───── The data ─────

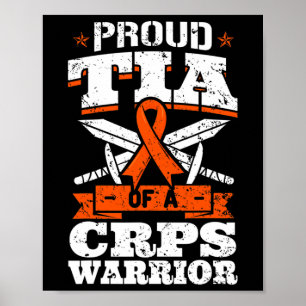 Poster Fière Tia D'Un Guerrier De Crps Rsd Sensibilisatio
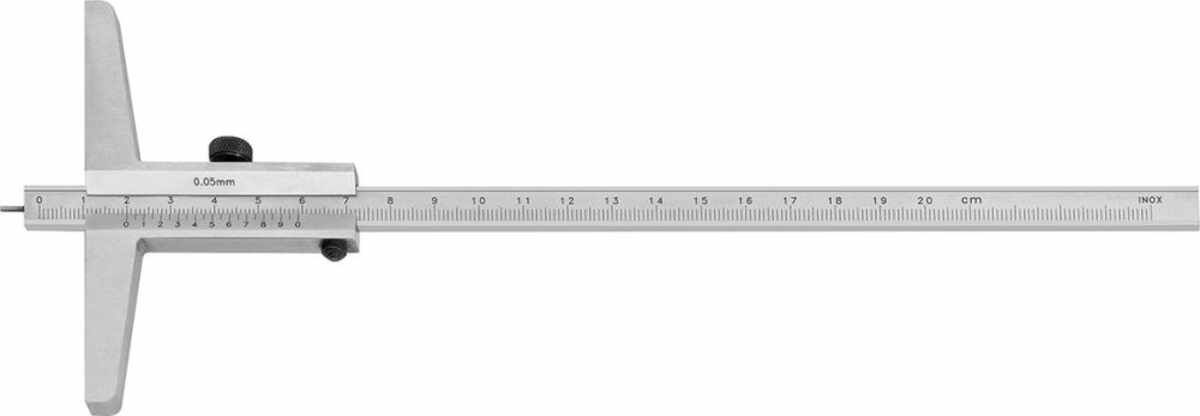 Tiefenmessschieber mit Messstift 200 mm 1/50 FORTIS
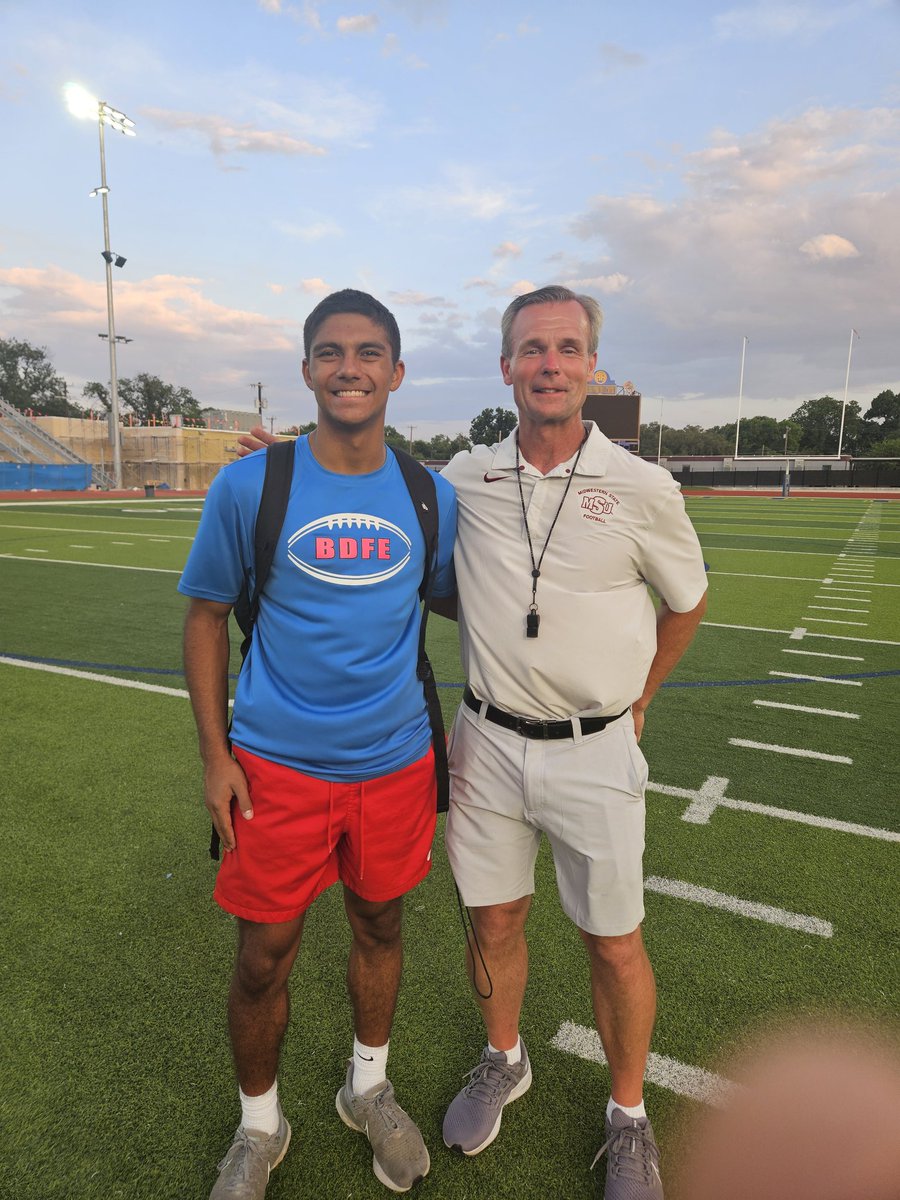 JaceMorales2007's tweet image. Grateful for the opportunity to compete and learn at the Midwestern State football camp yesterday! Always thankful to grow, get better, and be coached by some of the best. #MSUTexas #RecruitReady #MidwesternState
@coachfrazierMSU @MustangsDC @fbcoachleonard @coachvmsu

─────

The required output is an exact copy of the lines from the start of the material above through the line containing "JaceMorales2007's tweet image.", inclusive, with no pictures in it.

 Poster Fière Tia D'Un Guerrier De Crps Rsd Sensibilisatio
 Tiefenmessschieber mit Messstift 200 mm 1/50 FORTIS
 JaceMorales2007's tweet image. Grateful for the opportunity to compete and learn at the Midwestern State football camp yesterday! Always thankful to grow, get better, and be coached by some of the best. #MSUTexas #RecruitReady #MidwesternState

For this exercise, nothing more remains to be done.